(Beginning of EXERCISE DATA)

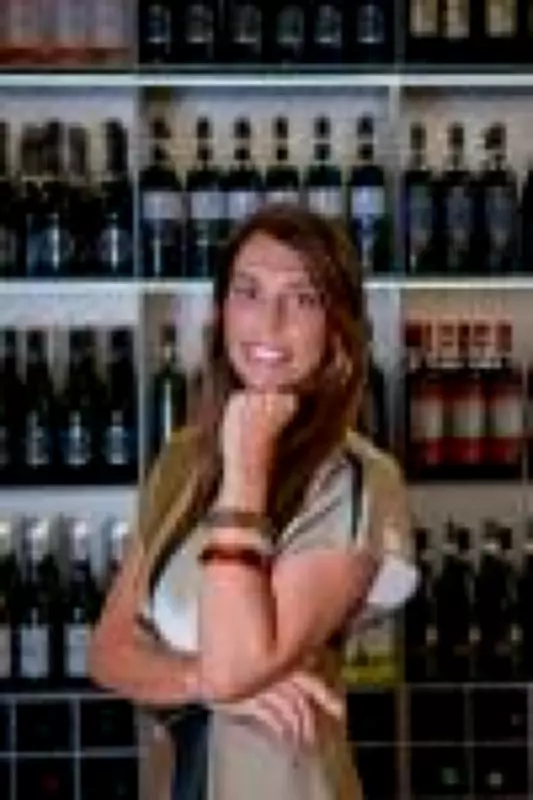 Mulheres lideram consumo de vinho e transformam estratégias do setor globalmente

(End of EXERCISE DATA)
(Beginning of EXERCISE DATA)

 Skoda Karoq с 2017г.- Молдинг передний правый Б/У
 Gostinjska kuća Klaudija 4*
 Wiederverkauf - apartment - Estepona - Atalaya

(End of EXERCISE DATA)

YOUR INSTRUCTIONS: Starting at the line that contains "Gostinjska kuća Klaudija 4*" and stopping after the line that contains "Wiederverkauf - apartment", write out every line exactly as it appears above, and no other line.

EXERCISE ANSWER:
 Gostinjska kuća Klaudija 4*
 Wiederverkauf - apartment - Estepona - Atalaya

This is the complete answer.